January 27 2010

Is ED Afflicted with Transparency Deficit Disorder, Too?

Vicki E. Alger

Apparently health care deliberations aren't the only ones suffering from transparency deficit disorder. Last week 40 states and the District of Columbia applied for a slice of the education department's $4 billion Race-to-the-Top (RTT) pie. Because the program is "unlike anything we have ever done," blogs Education Secretary Arne Duncan, "we enhanced our discretionary grant process to ensure maximum integrity and transparency." Maximum? Really?

The 58 reviewers judging states' RTT applications were selected and vetted by Duncan's staff, attended a one-day training session last Saturday, then returned home with a handful of applications each to score. But Duncan refuses to say who the reviewers are.
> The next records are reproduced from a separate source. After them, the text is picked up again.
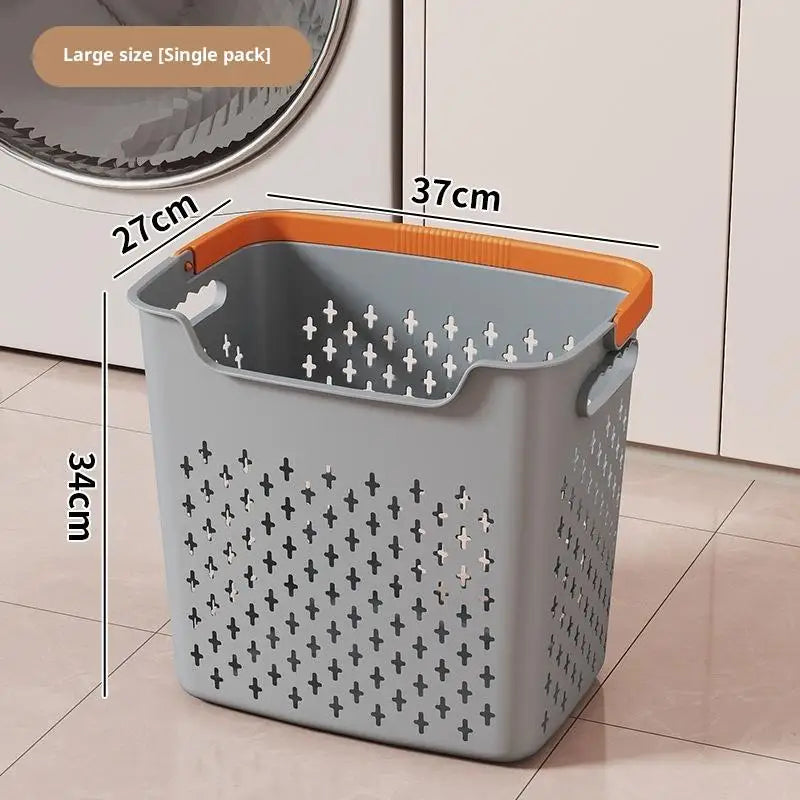 panier linge gris clair moderne poignées capacité grande rangement chambre bain pratique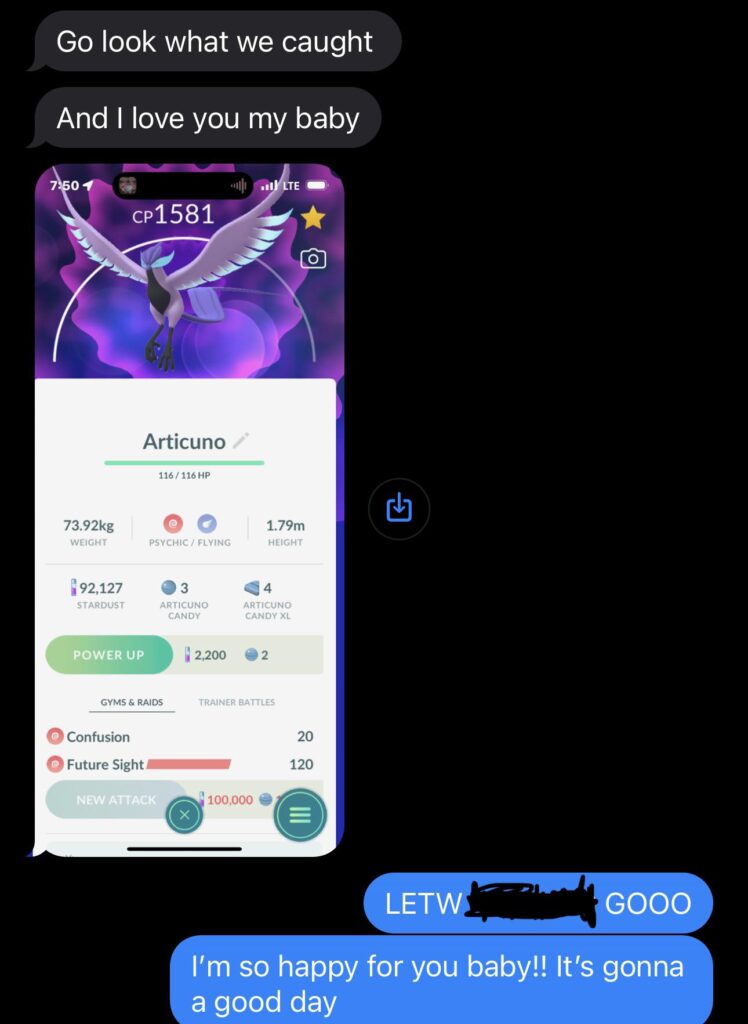 My wife caught Articuno from her daily incense on her way to work ! I was so happy for her ❤️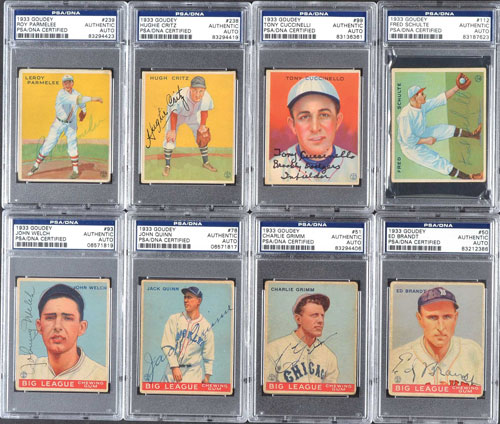 Autographed 1933 R319 Goudey Collection (121) - Nearly Half the Set ...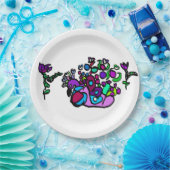 Peacock purple roses papieren bordje (Feest)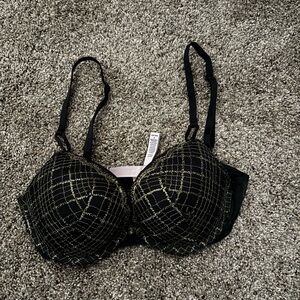 Elegant Black and Gold Women's Bra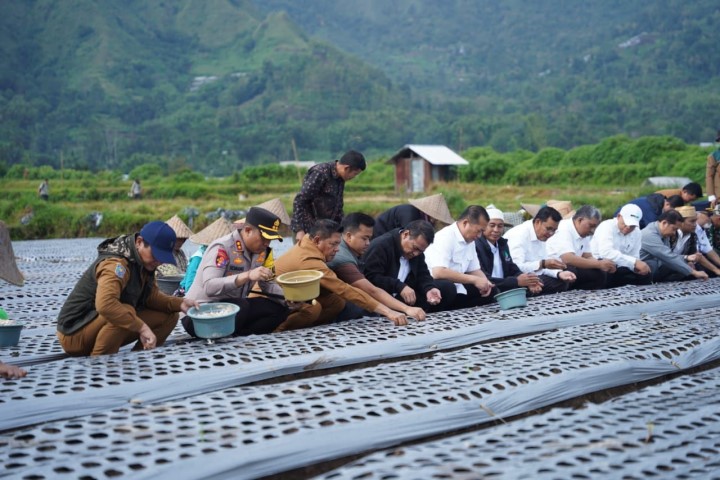 Mentan Amran Tanam Bawang Putih di Sembalun, Target Swasembada dan Hentikan Impor 3–4 Tahun (Foto:kementan)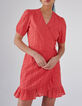Vestido cruzado rosa bordado inglés I.Code-2
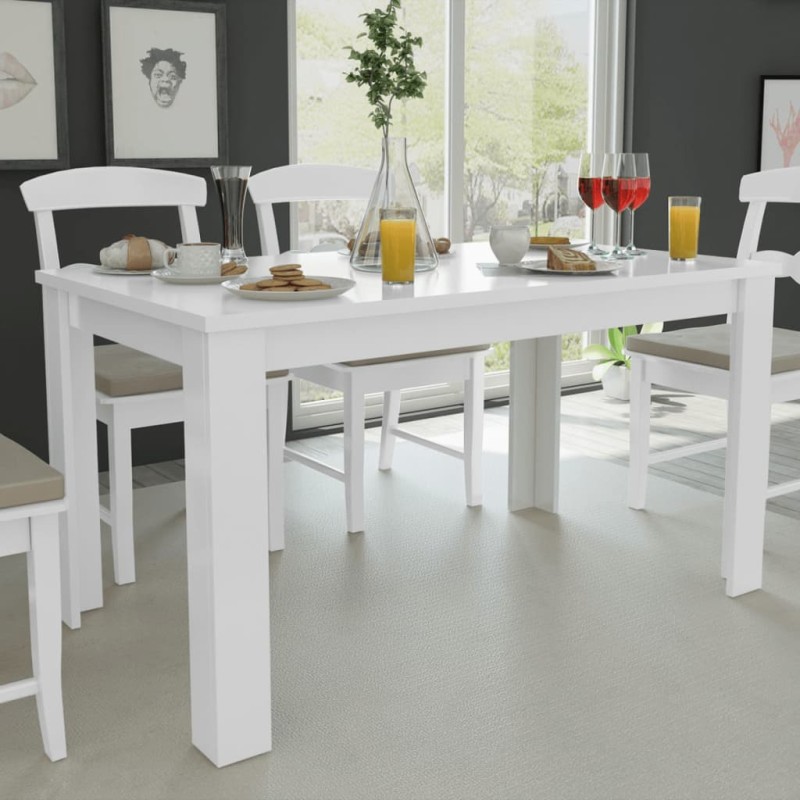 vidaXL Mesa de comedor blanca 140x80x75 cm vidaXL Mesa de comedor blanca 140x80x75 cm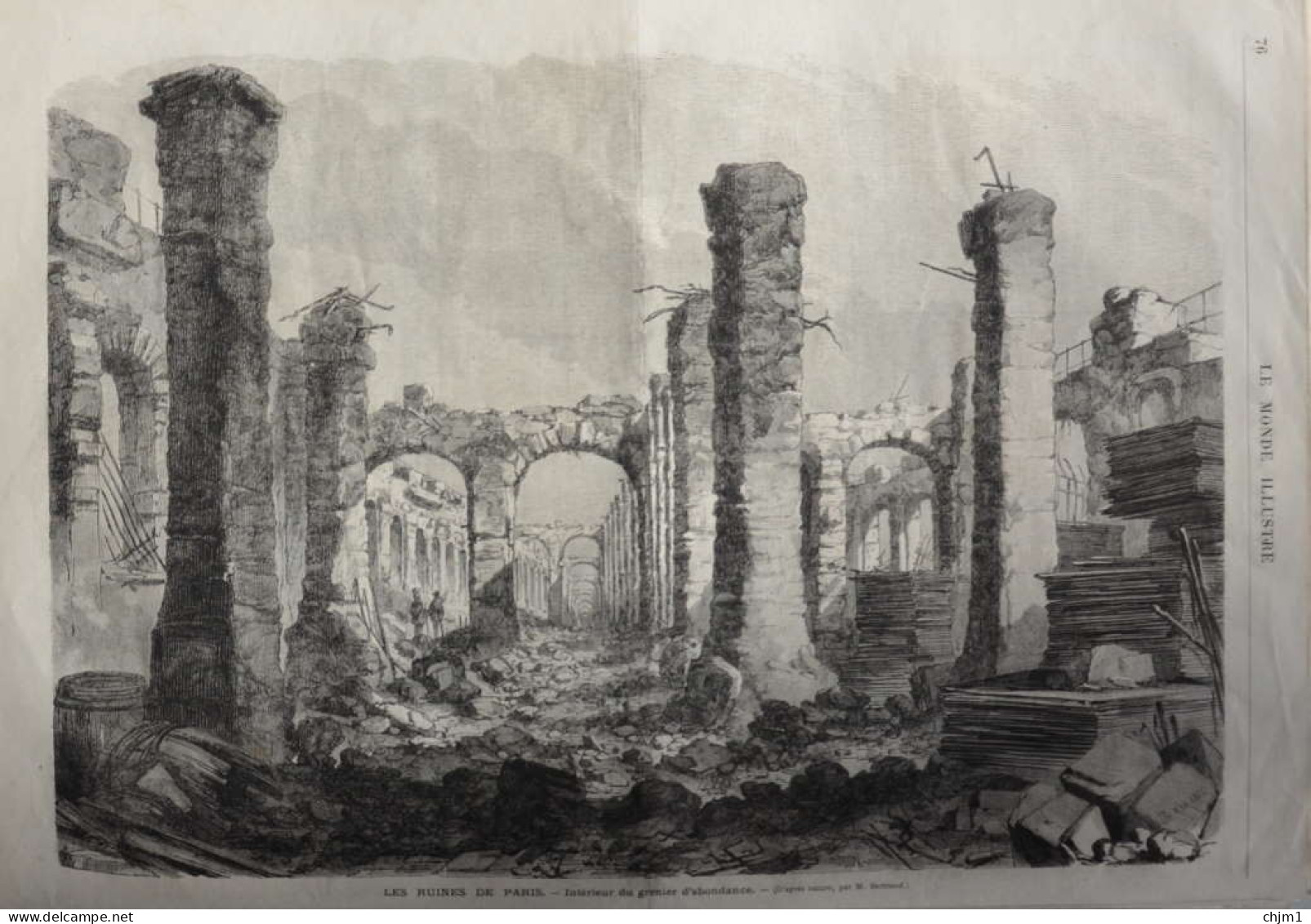 Les Ruines De Paris - Intérieur Du Grenier D'abondance -  Page Originale - 1871 - Documents Historiques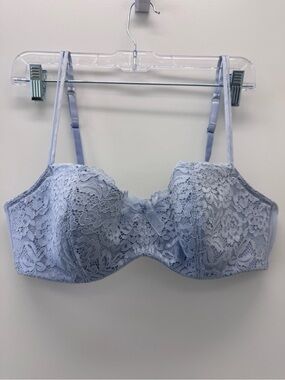 B. tempt’d by Wacoal Light Blue Lace Underwire Bra with Bow Accent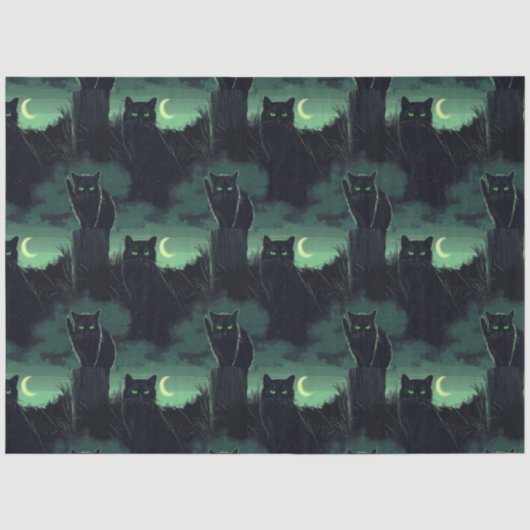 Papier Mousseline Halloween de chat noir (Recto)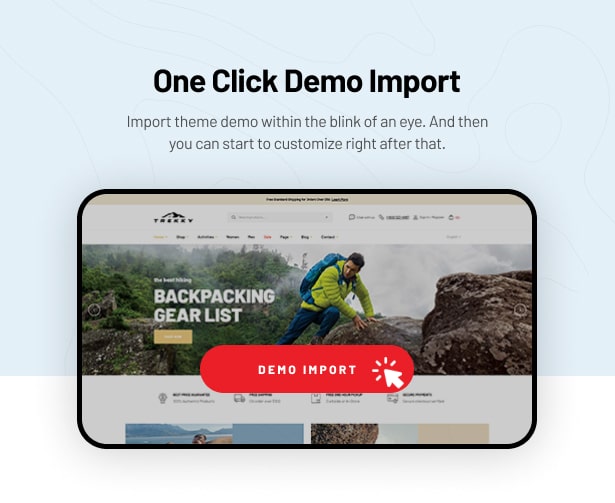 Trekky Outdoor Gear WooCommerce Theme demo import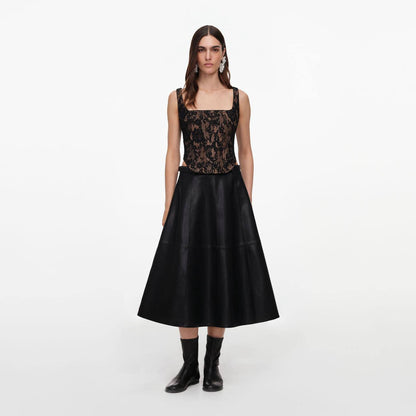 Black Faux Leather Midi Skirt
That refusal is raising eyebrows-not to mention ire-among education experts.

"On the substance, we're talking about $4 billion, doesn't the public have a right to some visibility into the deliberations about how that money is spent just as they do with congressional appropriations?" asks Education Sector founder Andrew Rotherham He's not alone.  

"With so much at stake, it would seem in the department's best interests-and the public's-to disclose who will be scoring the applications," writes Education Week's Michele McNeil. "If they want to run a competition that is beyond reproach, then they should not be afraid to release the names of the judges."

AEI's Rick Hess holds nothing back. "Maybe it's time for the president to roll those C-SPAN cameras over to the Department of Education," he writes. "An administration that has stumbled over concerns about backroom deals and that it has used stimulus funds for political ends might be well-advised to mount more than a ‘trust us' defense." As Hess summed up yesterday, "It might be time for Duncan to revisit his notion of ‘unprecedented levels of transparency.' Because, so far, the department's approach feels pretty darn precedented." Hess is right.

This isn't the first time Secretary Duncan has been called out for his secrecy. Last year he sparked outrage when it was learned that his department sat on the positive results of the D.C. Opportunity Scholarship Program for months while Congress voted to effectively kill the program. See here, here, and here. This past month Duncan was under fire again-this time for delaying the release of Head Start's negative program evaluation. See here, here, and here.

Not one year ago President Obama delivered his first major education address in which he promised that Secretary Duncan "will use only one test when deciding what ideas to support with your precious tax dollars...whether it works." Hopefully the president will outline steps to fulfill that pledge during his State of the Union address tonight.